The Cannabis industry is not immune from the Telephone Consumer Protection Act as a number of cases targeting cannabis suppliers and retailers have tested purported telemarketing techniques used by “pushers” in this “budding” trade. But the TCPA is a mere nuisance compared to another, potentially existential, threat facing the industry—as the subject matter of cannabis transactions—you know, marijuana—remains illegal to sell under federal law, are contracts to buy and sell the green stuff even enforceable?
In a fascinating new decision handed down earlier this week, a Court in California faced a case intersecting both issues and was asked to determine whether a contract to facilitate the purchase and distribution of marijuana can be lawfully created under California law, which forbids contracts lacking a “lawful object.” Its answer—let an arbitrator figure it out.
In Williams v. Eaze Sols., Inc., Case No. 3:18-cv-02598-JD, 2019 U.S. Dist.
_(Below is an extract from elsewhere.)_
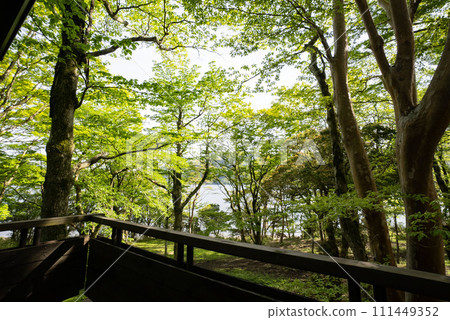 Log house in the forest, green campsite, campsite accommodation, forest lodge Log house in the forest, green campsite, campsite accommodation, forest lodge 111449352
LEXIS 182942 (N.D. Cal. Oct. 21, 2019) the Plaintiff signed up for Eaze—an online application that apparently makes it easier for people to buy dope. Groovy.
After signing up and accepting the terms and conditions on Eaze’s platform the Plaintiff began receiving telemarketing calls, apparently trying to convince her to buy more marijuana. Plaintiff contends she did not want these calls and sued Eaze under the TCPA, which prevents calls to cell phones using certain automated technology without consent.
While it is unclear from the case precisely how Eaze was placing calls and whether it had consent to make the calls, Eaze sought to have the entire battle fought out in arbitration rather than in federal court. It submitted to the Court that by singing up for its marijuana-to-you services the Plaintiff had agreed to arbitrate any disputes it had with Eaze.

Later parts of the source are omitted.